Analysts have been unable to discern whether this seeming “relief rally” was catalyzed by fundamental catalysts or pure technicals. Some commentators, like Alex Kruger, have noted that technicals remain the strongest impetus behind this market’s day-to-day movement. As such, the crypto-friendly researcher noted that BTC’s recent recovery is merely a correction off oversold levels, rather than a shift in this industry’s fabric, subsequently adding that a move back to the low 3000s isn’t out of the realm of possibility.
The aforementioned CNBC guests seemingly echoed this sentiment, noting that BTC could fall back to its year-to-date lows in the weeks to come. Iurio first noted that “he’s never been a lover of Bitcoin,” explaining that if BTC holds above $4,085, $4,515 is likely, but otherwise, the flagship cryptocurrency could move drastically lower.
Kilburg, more cynical that Iurio, explained that bears “have unfinished business [in crypto],” making it clear that he doesn’t expect for the blockchain-based asset to hold above $4,000 for extended periods of time.
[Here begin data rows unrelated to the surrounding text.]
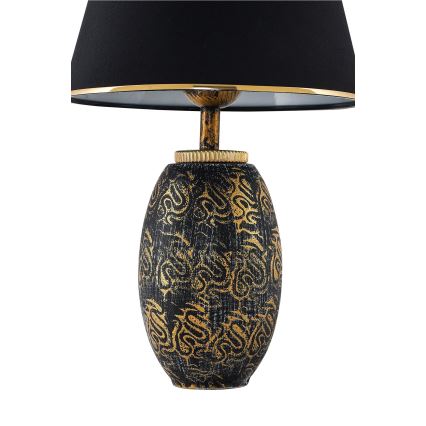RAMZES bureau lamp 1xE27/40W/230V zwart/goud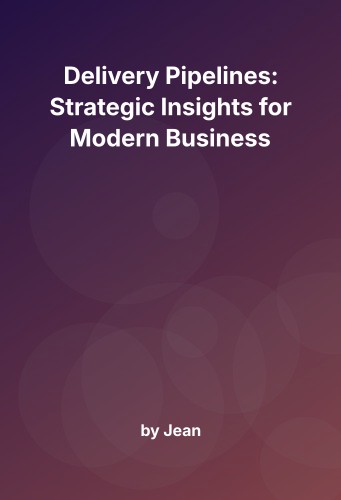 Cover for Delivery Pipelines: Strategic Insights for Modern Business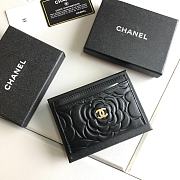 Chanel black rose card holder - 5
In fact, the KKM chief noted that “unless we see something substantial come out of the SEC/White House,” BTC remains in no man’s land and could fall to $3,000 (a new year-to-date low) because of a lack of fundamental driver.
Iurio, turning on a dime, echoed Kilburg’s statements. The broker noted that that crypto’s headlines are rarely ever that the “SEC has decided that they love Bitcoin,” instead, their regulatory measures that depress prices, especially in token markets.
Interestingly, the two closed off their segments by drawing attention to crypto forays from the Intercontinental Exchange and Nasdaq, noting that as players continue to “enter the hot tub” there will eventually be a party in this industry, so to speak.
Not So Fast, Maybe The Crypto Rally Has Some Legs
Although the two aforementioned CNBC traders aren’t sold on BTC’s short-term prospects, other analysts have exclaimed that the crypto market’s most recent double-digit recovery has legs. Crypto Quantamental, an American crypto trader with a background in traditional equity markets, noted that Bitcoin is “showing the classic signs of a ‘V’ recovery.”
Bitcoin is showing the classic signs of a "V" recovery with record volume and massive price moves. In fact today (12/20/18) was the HIGHEST VOLUME DAY EVER!
He/she noted that the surge in BTC could be more than a “dead cat bounce,” as Kruger saw it. In fact, Quantamental noted that the “record-breaking” volumes (in BTC count, not $) indicate that a bottom could be forming. Per Quantamental, yesterday (Dec. 20) was Bitcoin’s highest volume day in its ten-year history, with exchanges en bloc reportedly trading 2,226,735 BTC at an average price of $3,938.
Although both sides of the argument hold some semblance of credence, the fact of the matter is that in markets, whether it be stocks, bonds, or cryptocurrencies, no single individual/group can accurately predict where prices are headed next. But they try nonetheless. And in the end, some will succeed, and others won’t.